(Records drawn from a dataset)
★ ★ ★ ★ ★ ★ ★

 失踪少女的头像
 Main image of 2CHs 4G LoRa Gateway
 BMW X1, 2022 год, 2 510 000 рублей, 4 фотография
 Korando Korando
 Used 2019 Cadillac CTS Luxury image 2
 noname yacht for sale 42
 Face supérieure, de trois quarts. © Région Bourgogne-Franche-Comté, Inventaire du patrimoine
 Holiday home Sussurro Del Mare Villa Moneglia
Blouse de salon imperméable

★ ★ ★ ★ ★ ★ ★

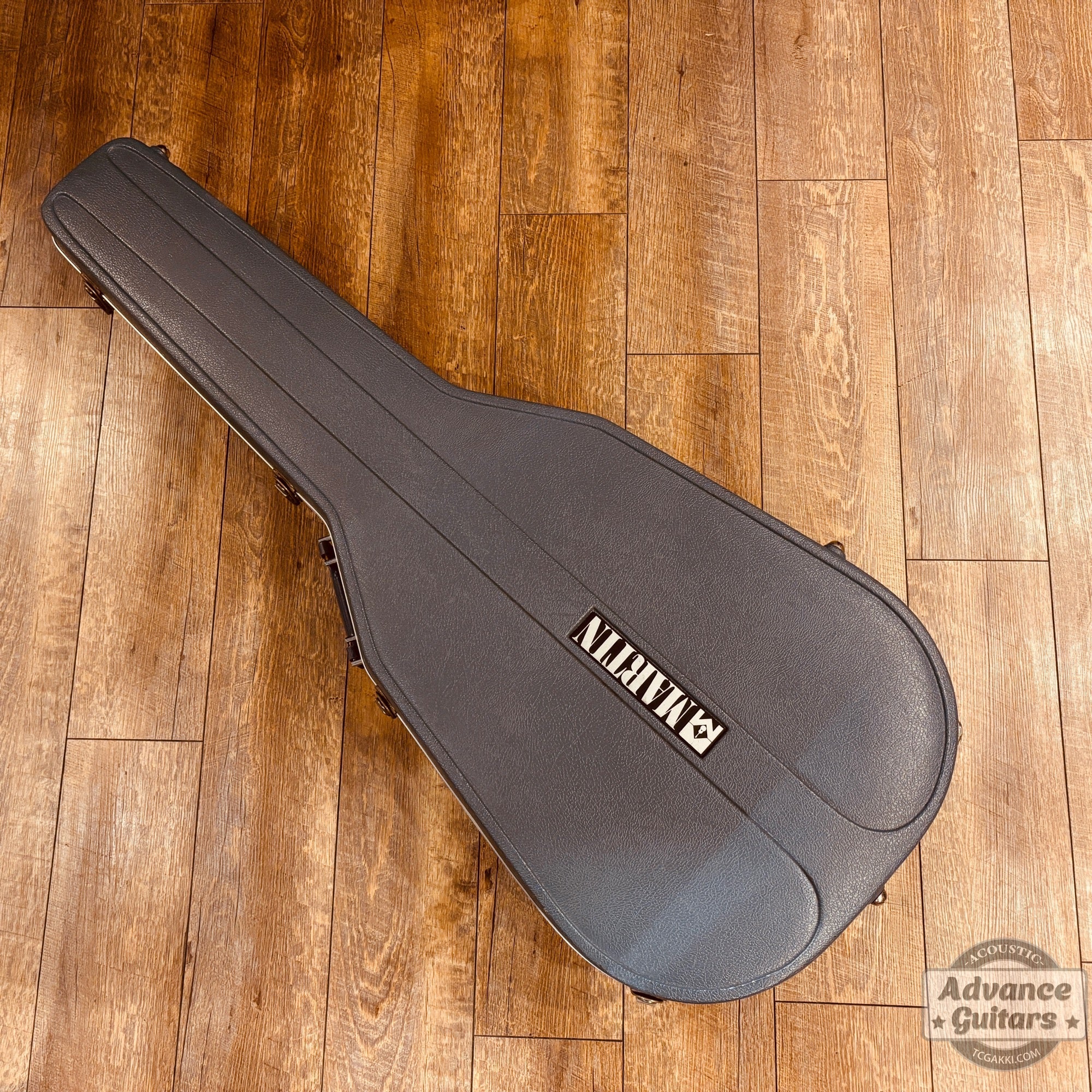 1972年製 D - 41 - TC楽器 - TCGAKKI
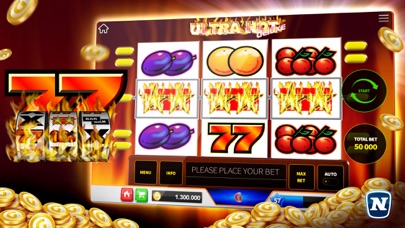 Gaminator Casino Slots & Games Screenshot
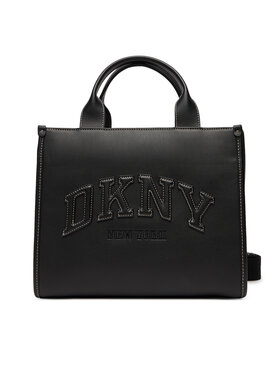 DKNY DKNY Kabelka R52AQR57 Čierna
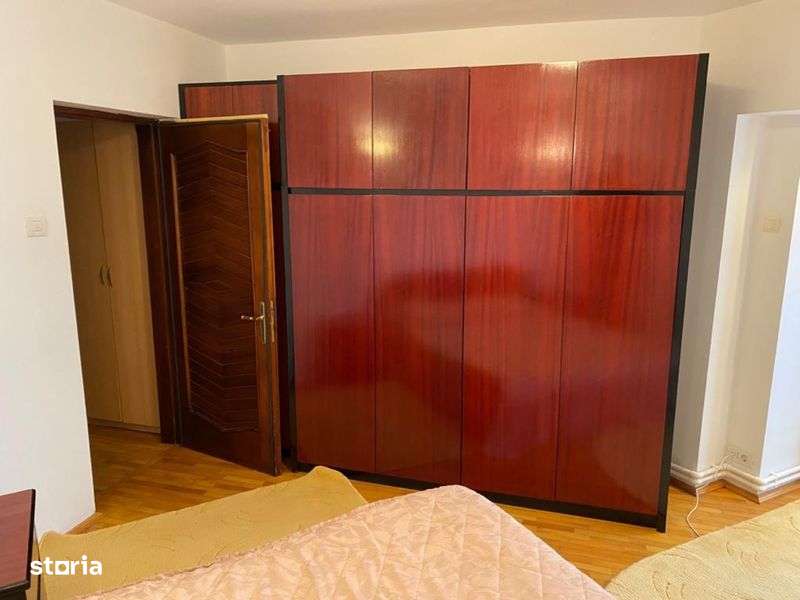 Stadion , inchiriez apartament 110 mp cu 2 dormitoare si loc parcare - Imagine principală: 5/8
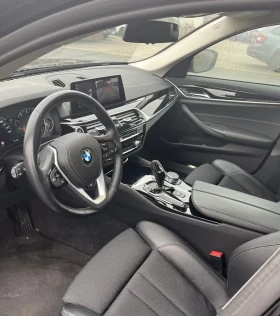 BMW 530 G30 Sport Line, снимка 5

★ ★ ★ ★ ★ ★ ★

From the records above, transcribe exactly the run of lines that opens with the line holding "Main image of 2CHs 4G LoRa Gateway" and closes with the line holding "Face supérieure, de", both included.

Output of the task:
 Main image of 2CHs 4G LoRa Gateway
 BMW X1, 2022 год, 2 510 000 рублей, 4 фотография
 Korando Korando
 Used 2019 Cadillac CTS Luxury image 2
 noname yacht for sale 42
 Face supérieure, de trois quarts. © Région Bourgogne-Franche-Comté, Inventaire du patrimoine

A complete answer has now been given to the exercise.